=== PROBLEM DETAILS ===
In the records below, the line with "Har Kim Jong" opens the range and the line with "Square Warp Hole" closes it; print that range exactly and nothing else.

=== GIVEN ENTRIES ===
▬▬▬▬▬▬▬▬▬▬
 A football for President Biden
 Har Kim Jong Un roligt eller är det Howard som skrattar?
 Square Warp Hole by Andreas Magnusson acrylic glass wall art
▬▬▬▬▬▬▬▬▬▬
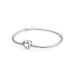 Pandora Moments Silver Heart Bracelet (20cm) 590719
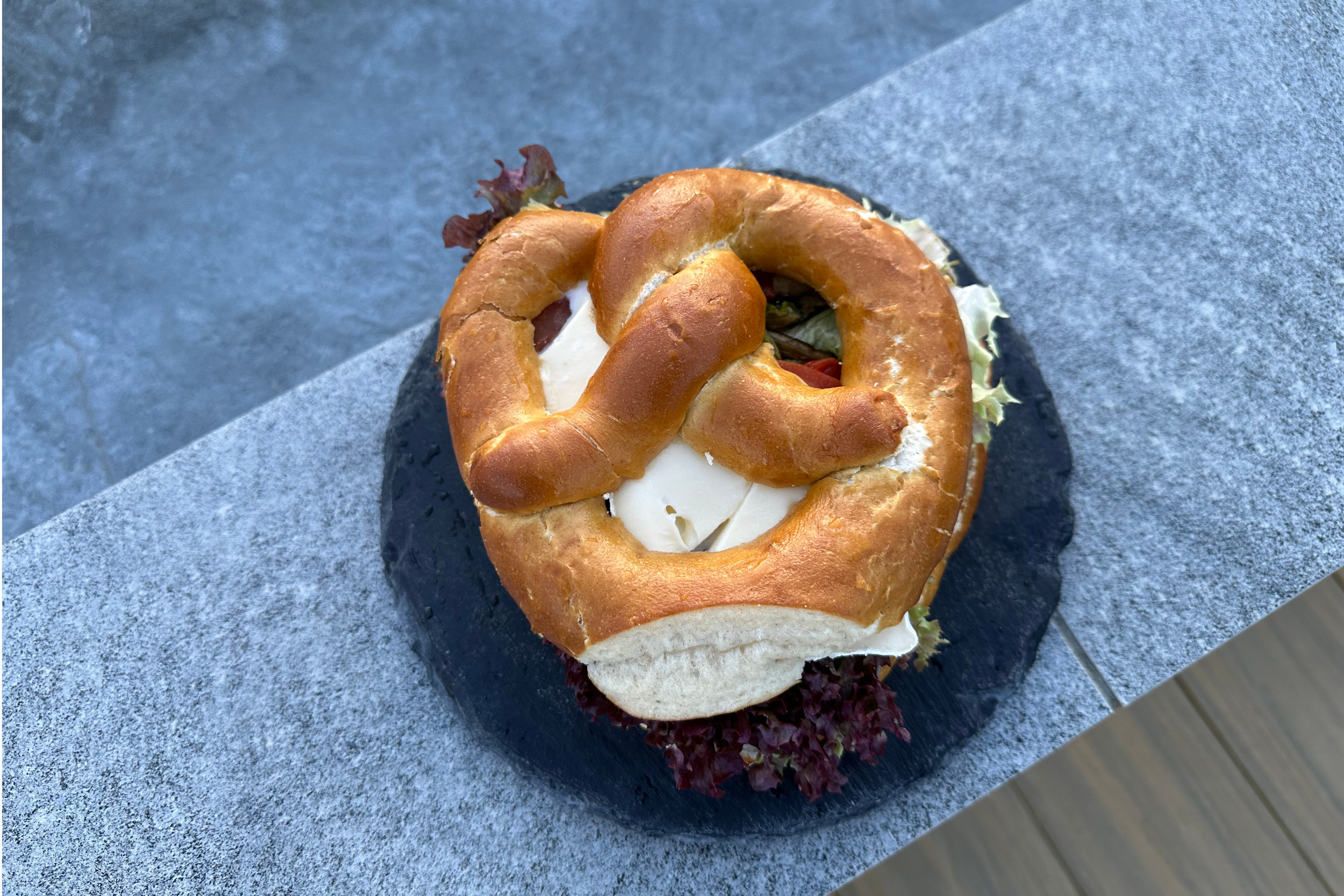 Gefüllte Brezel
▬▬▬▬▬▬▬▬▬▬
=== EXERCISE RESPONSE ===
 Har Kim Jong Un roligt eller är det Howard som skrattar?
 Square Warp Hole by Andreas Magnusson acrylic glass wall art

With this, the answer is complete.